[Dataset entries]

__________________________________________________

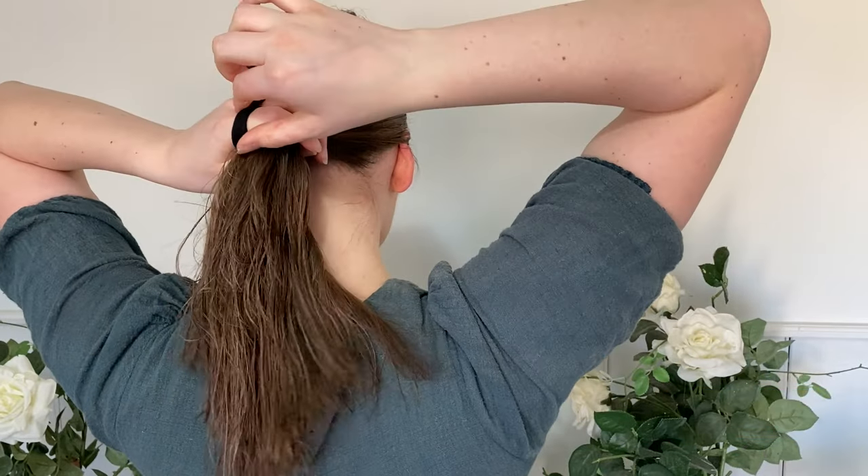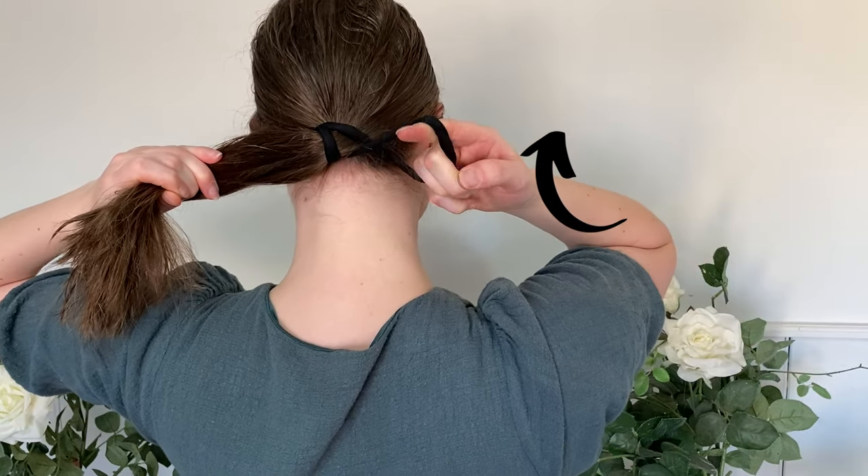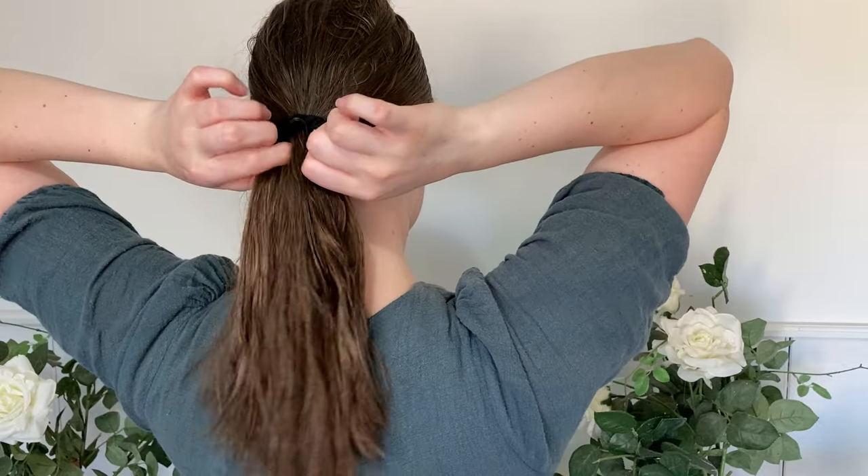Then you want to do a twist and then pull back around. And then twist again, bringing the bottom one up in front of the other one, then just pulling through. You just want to repeat that process.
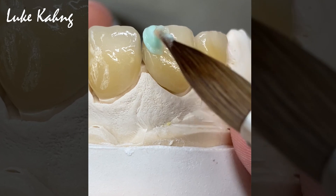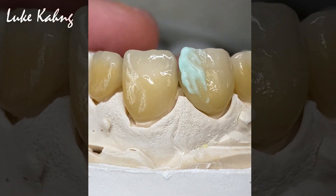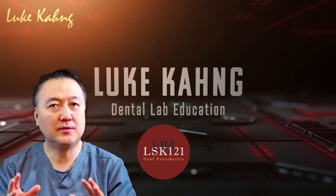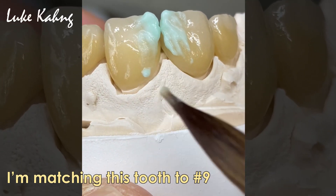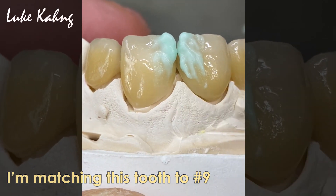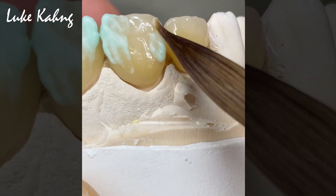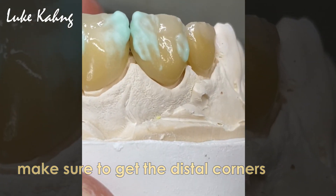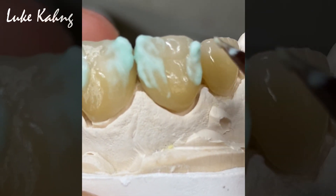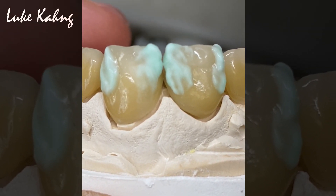Now it's a multi-layer using TM05 all the way to gingiva. Go to the next video.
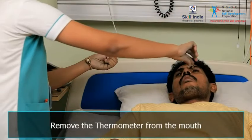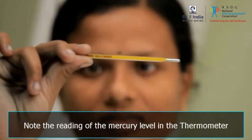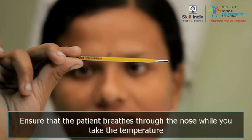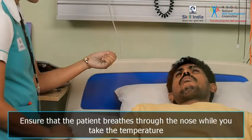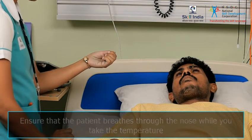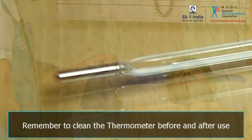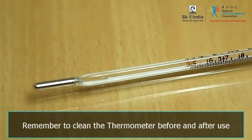Remove the thermometer from the mouth and note the reading. Remember, in order to get an accurate reading, you must ensure that the patient breathes through the nose while you take the temperature. Also remember that thermometers must always be cleaned before and after use.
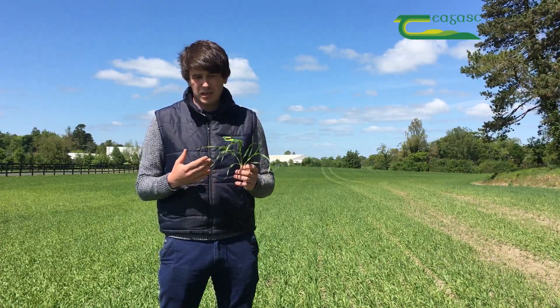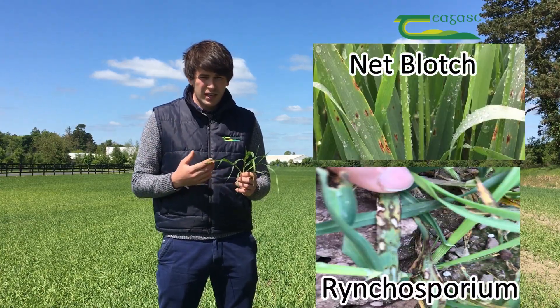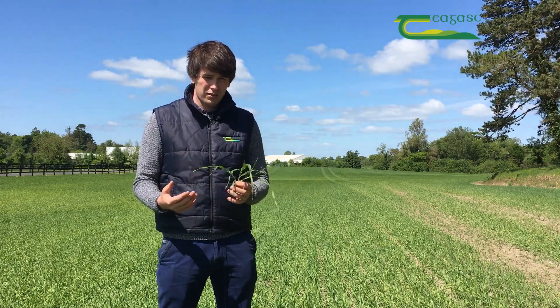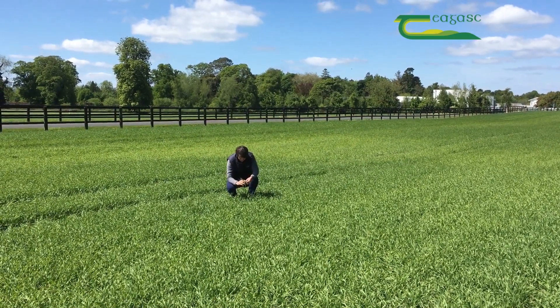The type of diseases we're trying to control in this spring barley crop are net blotch mainly and Rhynchosporium, and really early control is vital to prevent these from coming into the crop and to give us the best chance of achieving our top yield come harvest time.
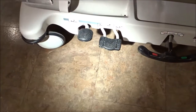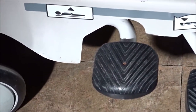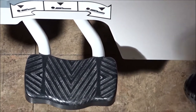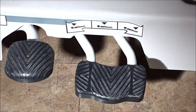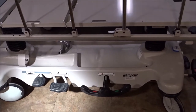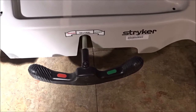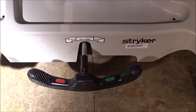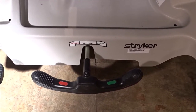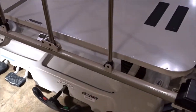Just like all the Stryker stretchers, you're going to have the kick pedal right here, which raises and lowers the stretcher. When you push it straight down in the middle, it's going to bring it straight down, and you can do Trendelenburg and reverse Trendelenburg. You're also always going to have your kick brake — when you kick it down on the left it's going to lock it; if you kick it all the way down on the right it's going to lock it into a steer mechanism and basically keep it going straight down a hall. In the neutral position, the stretcher can be moved in any direction.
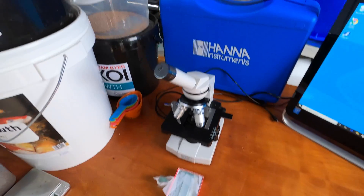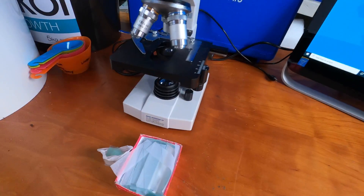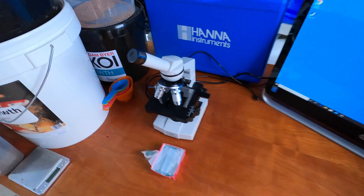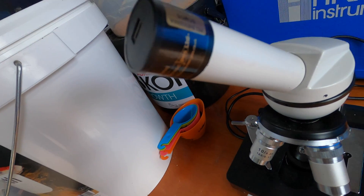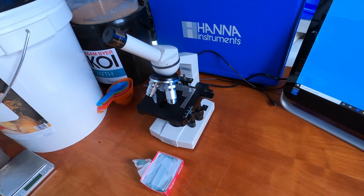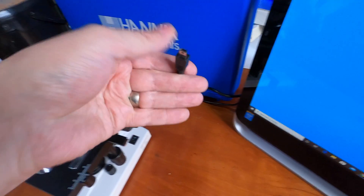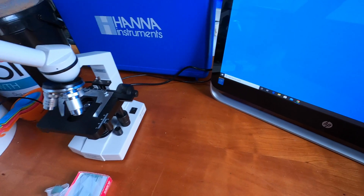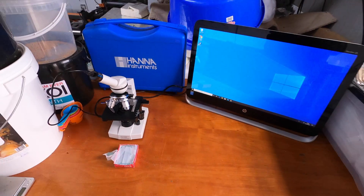Here's the microscope — this one's quite an old one, it's a Brunel, I think it's an SP20, could be an SP25. Attached here on the end, that's the Apex Mini Grab, and basically what that does is replace your viewfinder. So instead of looking down the scope, it plugs in with a mini USB already connected to this PC, then transmits the image through an app called Image View.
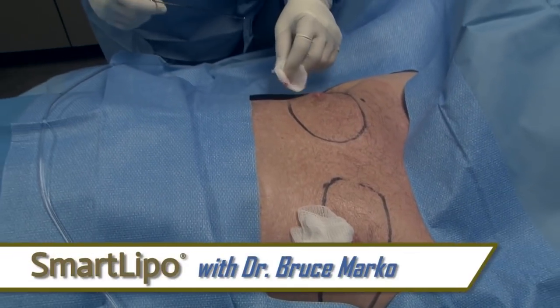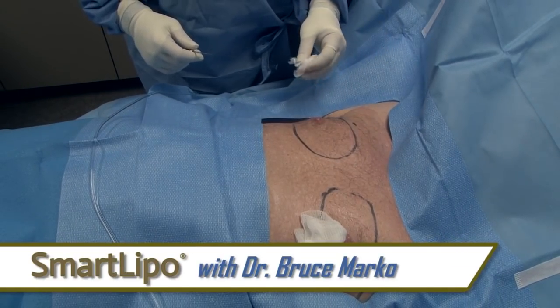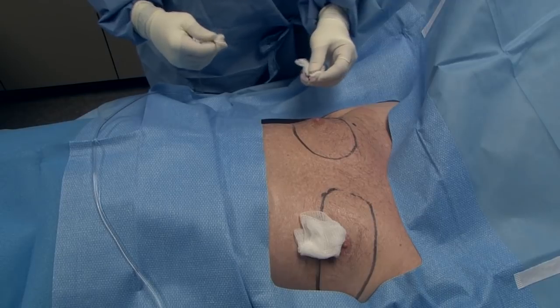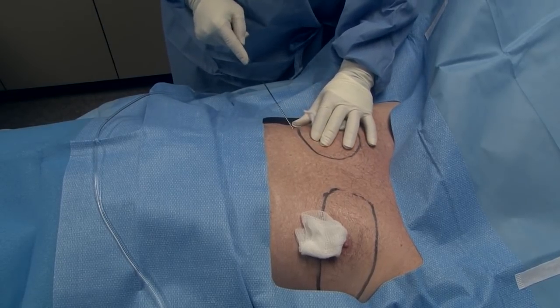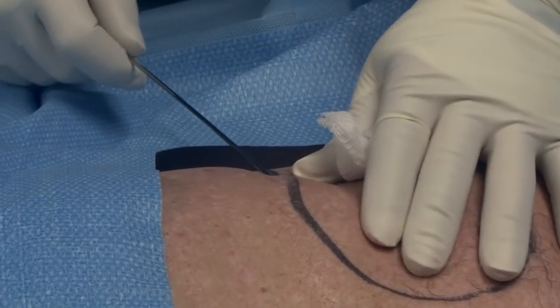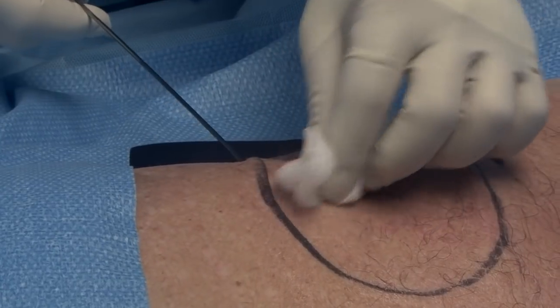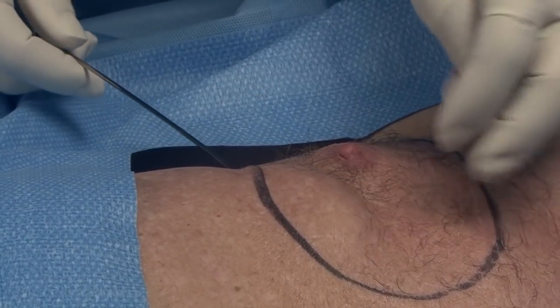The next step then is to, through the little opening, put the numbing medicine in the rest of the area. This is done with this tiny little, what we call cannula, a little tube. It goes right underneath the skin and then that delivers the numbing medicine. This is called a tumescent solution, or liposuction under tumescence.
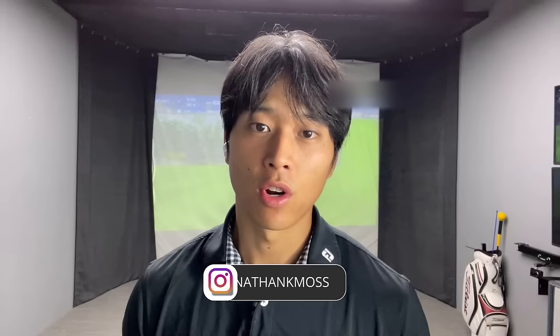Thank you so much for watching. If you have any comments or need clarification, please leave a comment down below and be sure to follow me on Instagram at Jonathan K Moss. If you want to inquire about online lessons, I'll leave a link to my website in the description box below. If you have a bit more time, I'd encourage you to watch the next video I made a couple of weeks back — it goes over more drills to help you accomplish more efficient weight shift.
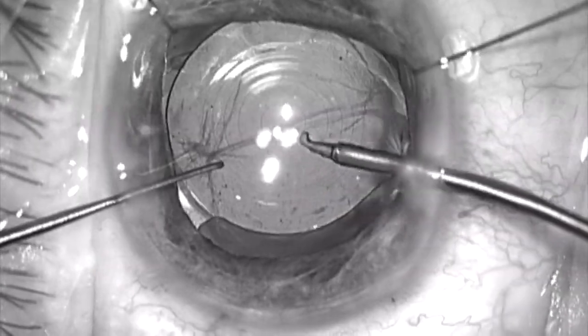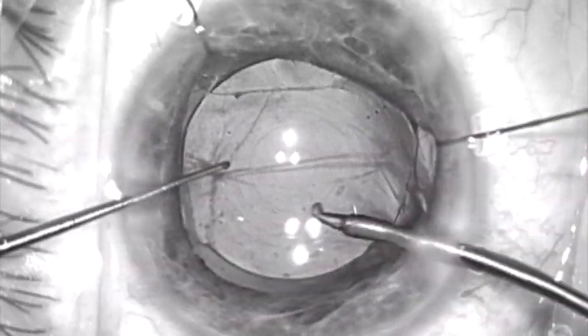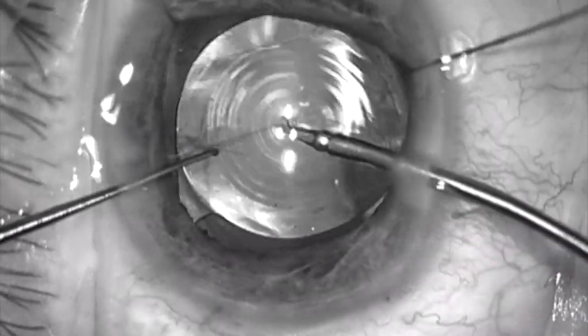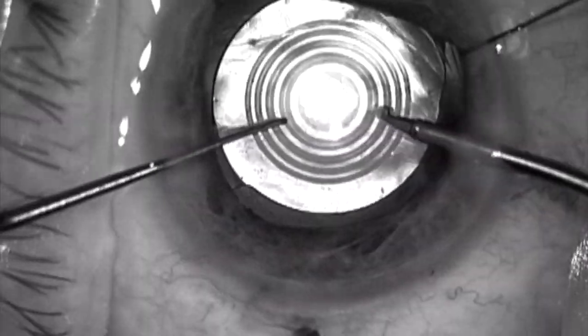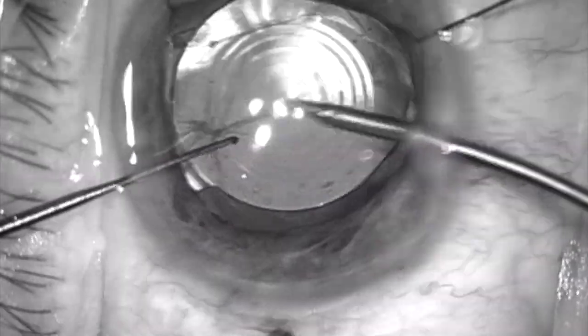I'm a little bit off of that — maybe about 15 to 20 degrees. But it's only a T3 lens, so that will only leave about a diopter of astigmatism, which I can correct at the slit lamp if I need to using a slit lamp LRI.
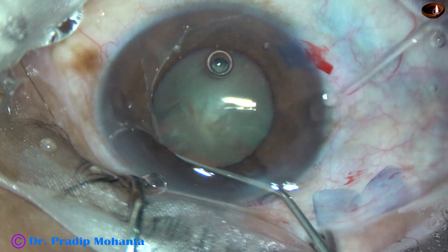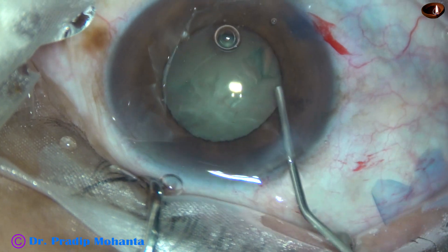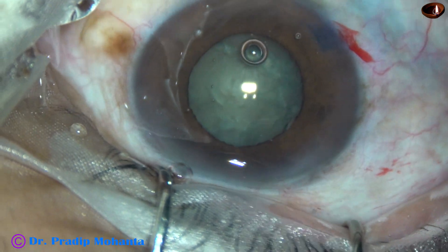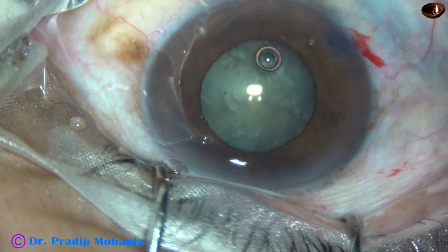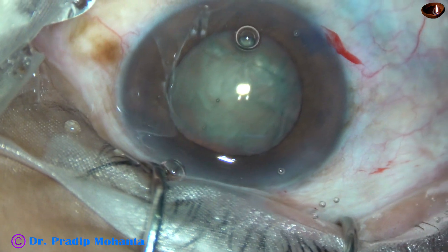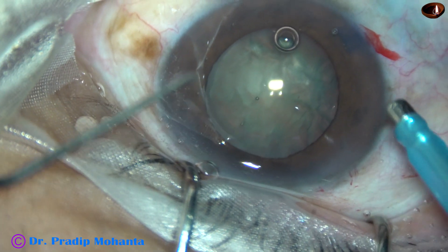Hydrodissection is done very carefully when the pupil has become so small. When the rhexis was being done, the size of the pupil was about 5 mm. And now, as I inject visco, it has dilated to about 5.5 mm.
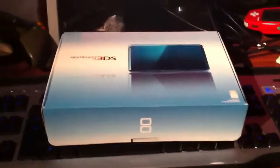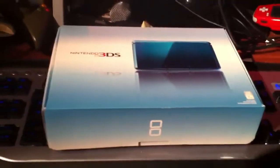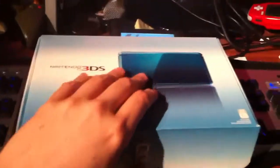This is going to look really bad and shaky, but I got it, guys. This is my 3DS. I ended up getting it a little bit early. I'm not going to tell you all how, but I'm super excited about it. Let's get this thing opened up.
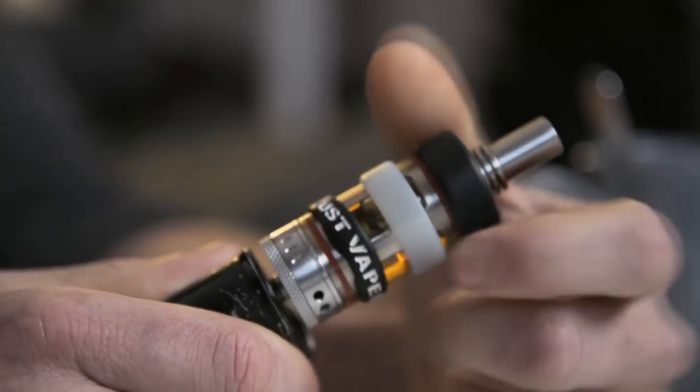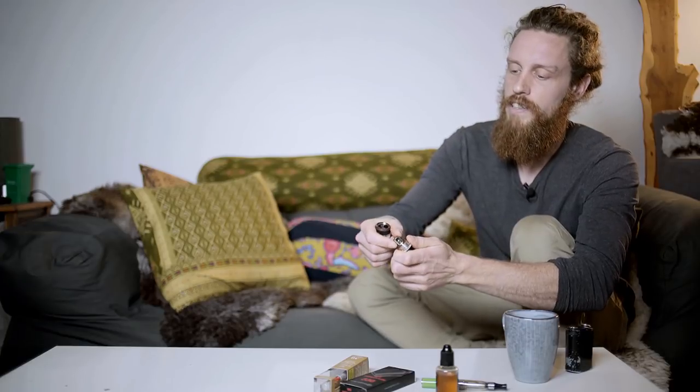Maintenance is quite simple. The main thing you'll need to do is replace the atomizer. You'll know it needs changing when it starts to develop a burnt cotton wool taste — it's really noticeable. You'll probably need to replace it about once a week. You just unscrew the bottom of the tank, unscrew the atomizer, and buy packs of new ones costing about £2 each, then screw a new one in. Note that different electronic cigarettes use slightly different, usually brand-specific atomizers, so read the instructions when you buy your product.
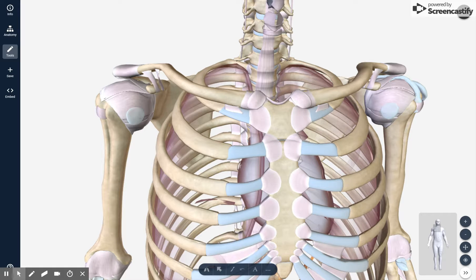Hey everyone, welcome to the second video in the basic shoulder series. In this video we'll cover the basic joints of the shoulder. The shoulder has three main joints and one joint which is not really considered a real joint, but we'll go over that anyways.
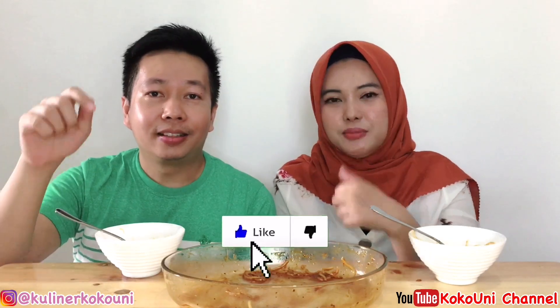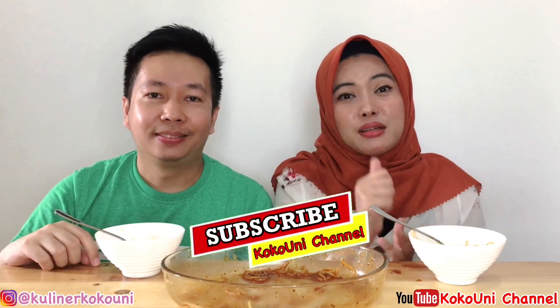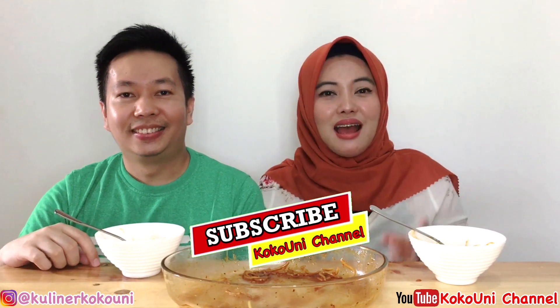Jadi sekian dulu video kita hari ini. Jika kalian suka dengan videonya, jangan lupa untuk tekan tombol like-nya serta komen di bawah rekomendasi makanan unik dan menarik lainnya. Dan yang pastinya jangan lupa untuk tekan tombol subscribe-nya. Ingat subscribe ya, karena subscribe dari teman-teman semua merupakan support untuk kita agar kita lebih semangat lagi bikin videonya. Jangan lupa follow Instagram kita juga di Kuliner Koko Uni. Thank you for watching, see you in the next video. Bye.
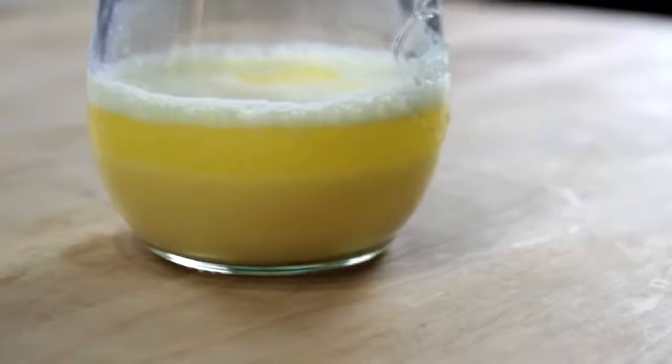Hollandaise, just like mayonnaise, is a fat in water emulsion. Normally when you mix together fat and water, the fat's going to separate and float on top of the water in a greasy layer. But the key to a successful emulsion is to break that fat up into droplets so tiny that they stay evenly dispersed, causing the liquid to thicken and turn opaque.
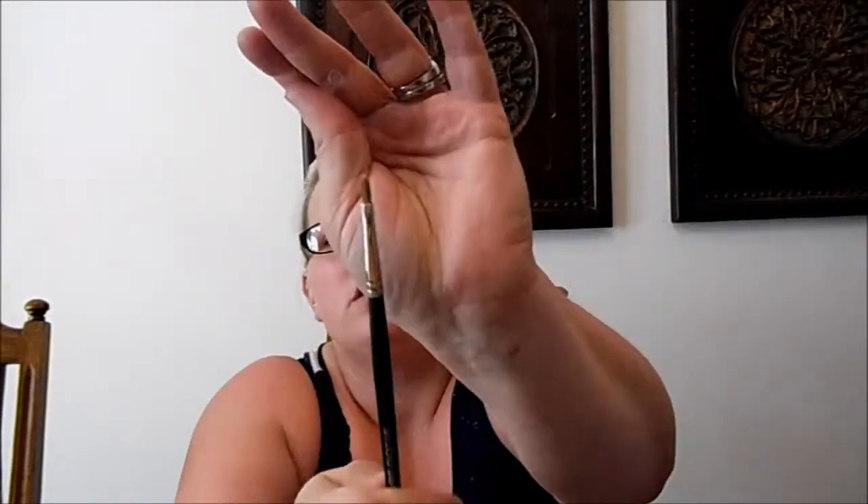I also found some Studio Gear brushes at my Ulta. I got the Number 41, which I believe is a sable accent brush. I've never tried Studio Gear brushes before so I'm excited to give it a go.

__________________________________________________

## Task brief
Only an exact copy belongs in the answer: the lines from the one containing "Hollandaise, just like" through the end of the records, both ends included, minus the pictures.

## Answer below
Hollandaise, just like mayonnaise, is a fat in water emulsion. Normally when you mix together fat and water, the fat's going to separate and float on top of the water in a greasy layer. But the key to a successful emulsion is to break that fat up into droplets so tiny that they stay evenly dispersed, causing the liquid to thicken and turn opaque.
I also found some Studio Gear brushes at my Ulta. I got the Number 41, which I believe is a sable accent brush. I've never tried Studio Gear brushes before so I'm excited to give it a go.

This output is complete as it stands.